9. Les types de cibles

Nous parlons de cible pour une case de l’échiquier dont l’occupation peut procurer un avantage. Certaines sont des cibles effectives : leur attaque vise un gain immédiat et à charge au camp attaqué de prendre les mesures nécessaires pour parer l’attaque. Ces cibles n’ont pas les mêmes propriétés et pour les distinguer, nous les classerons en différents types. Voyons maintenant comment identifier le type de cible auquel on a à faire.

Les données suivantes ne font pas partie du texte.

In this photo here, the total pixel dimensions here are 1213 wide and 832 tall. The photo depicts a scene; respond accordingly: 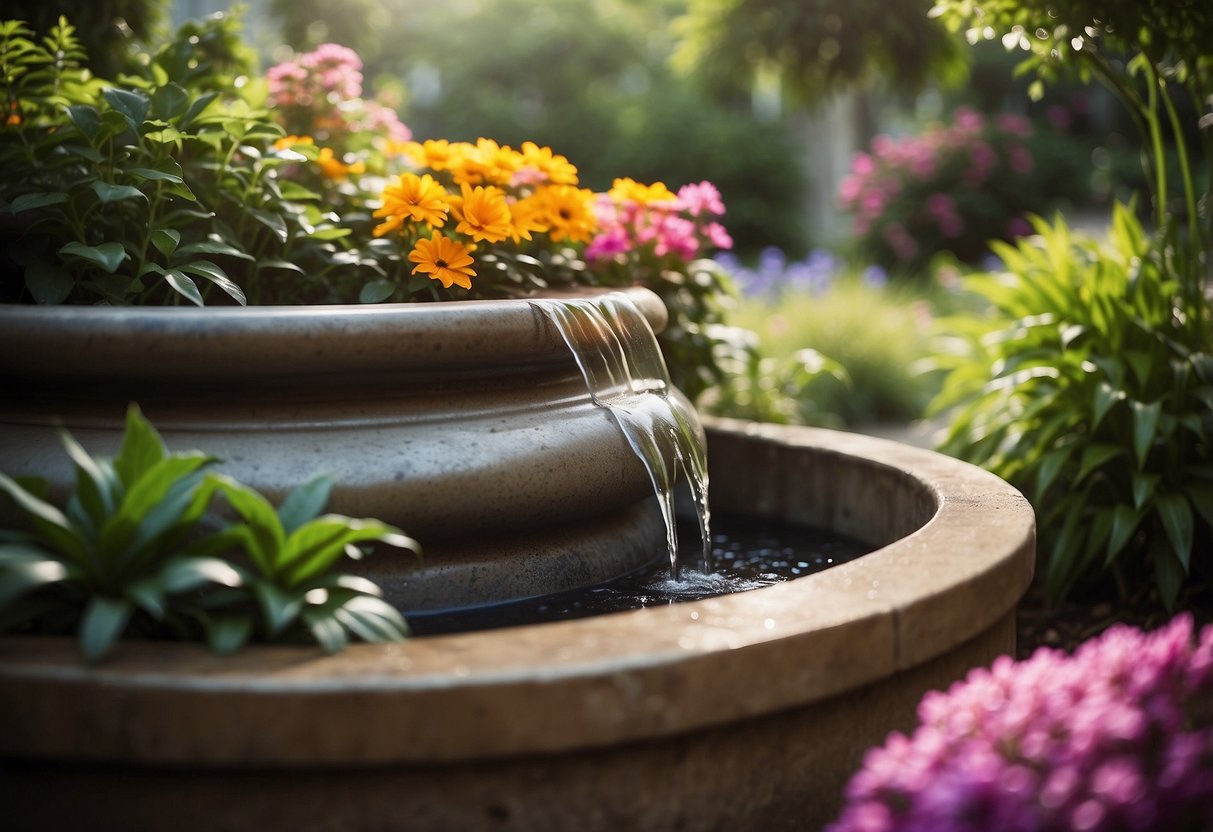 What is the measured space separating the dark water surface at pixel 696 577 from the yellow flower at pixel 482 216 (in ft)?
3.00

Une pièce, pion ou case qui n’est pas défendu sera désigné comme une cible simple et, en pratique, on parle le cas échéant de pièce en l’air.

Imaginons alors que vous attaquiez une pièce, un pion ou une case et que votre adversaire pare l’attaque en choisissant de défendre la cible. Dans ce cas, attaque et défense s’équilibrent ; mais une attaque supplémentaire pourrait à nouveau faire pencher la balance dans le sens de l’attaque. Ainsi, la cible attaquée reste exposée à une nouvelle attaque.

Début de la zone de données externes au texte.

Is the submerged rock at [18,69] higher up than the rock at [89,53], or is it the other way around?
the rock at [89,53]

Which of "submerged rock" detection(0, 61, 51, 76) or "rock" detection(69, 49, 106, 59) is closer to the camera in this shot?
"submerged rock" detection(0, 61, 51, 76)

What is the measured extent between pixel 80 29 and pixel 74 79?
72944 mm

Quand une pièce, un pion ou une case sont une fois attaqué et une fois défendu, ils constituent ce que l’on appellera une cible complexe de type 1. Prenons un exemple.

Exemple 9.1 : Attaque sur cible complexe

Dans la position du diagramme ci-contre, le Ce4 n’est pas défendu et constitue une cible simple ou pièce en l’air. Quant au Cc6, il est attaqué par la Tc1 mais est aussi défendu par la Tc8. Le Cc6 constitue une cible de type 1.

Que se passe-t-il si l’on attaque simultanément les deux cibles par 1. Fd5 ?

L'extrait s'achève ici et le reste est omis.